When President Ghani visited the much damaged American University a few days after the attack, he tried to raise the morale of not only the students and teachers, but also the Afghan nation by declaring that Afghanistan is determined to destroy the terrorists and their backers and achieve peace and prosperity. As Pakistan is the perfect scapegoat in such situations in Afghanistan, he said Islamabad should share information about the attackers because the attack was planned on Pakistan’s soil.

Pakistan government functionaries had made almost similar comments in the wake of the attack on the Bacha Khan University, but many Afghans considered it as continuation of the usual blame-game between the two neighbouring countries.

The names of the two universities had something to do for being singled out for the attacks. Bacha Khan University is named after freedom-fighter Khan Abdul Ghaffar Khan, who is fondly referred to as Bacha Khan and had opposed the Afghan jihad against the Soviet occupying forces as long as he was alive. His family and their party, ANP, have been steadfast in criticising the Taliban, both Afghan and Pakistanis, and paid a heavy price in terms of targeted killing of party activists. The militants could have attacked another university, but the one associated with Bacha Khan became their preferred target.

As the name suggests, the American University was an obvious target of the militants, but its high-level security and secure location seem to have deterred the Afghan Taliban until now. For a decade, this US-style centre of liberal arts education for young, affluent Afghans remained safe. There were warning signs a few weeks before the attack on the university when two of its professors, an American and an Australian, were kidnapped and remain untraceable.

The timing of the two attacks was also interesting. The Bacha Khan University was attacked on the eve of a mushaira (poetry recital) planned in memory of Bacha Khan on his death anniversary. The American University was targeted as its 10th anniversary celebrations were getting underway.
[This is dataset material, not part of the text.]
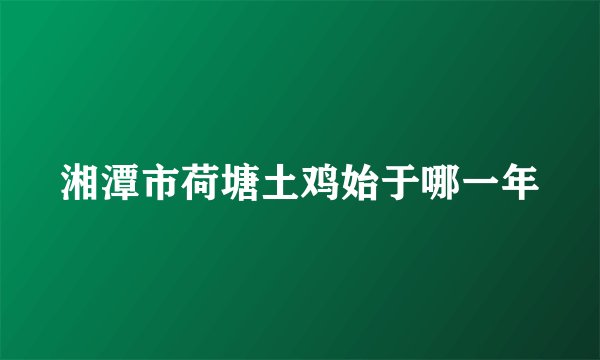 湘潭市荷塘土鸡始于哪一年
Also, the masterminds of such attacks have made known on a number of occasions that they are against secular education and in favour of Islamic teachings at madrassas. As one of the masterminds, Khalifa Umar Mansoor declared after the attack on the Army Public School Peshawar, its students would grow up to join the armed forces and take up other professions in the service of the secular Pakistan government and fight the militants like him. For him, it was necessary to target the schools, colleges and universities that produced graduates who were likely to stand up to the militants.

Though terrorist attacks cause much pain and suffering, the institutions that are attacked recover in due course of time and resume work on the road to normalcy.

The Bacha Khan University reopened on February 15 three weeks after it was attacked. Students returned to classes instead of seeking admission elsewhere. The security at the university was beefed up by building walls, putting up barbed wire fencing, installing CCTV cameras and hiring more security guards.

The American University too would reopen as neither Washington nor Kabul would allow it to close down due to fear of another attack. It has been described as a lasting legacy of the US in faraway Afghanistan and as its head, who is an American, remarked there was no other option but to rebuild and restart.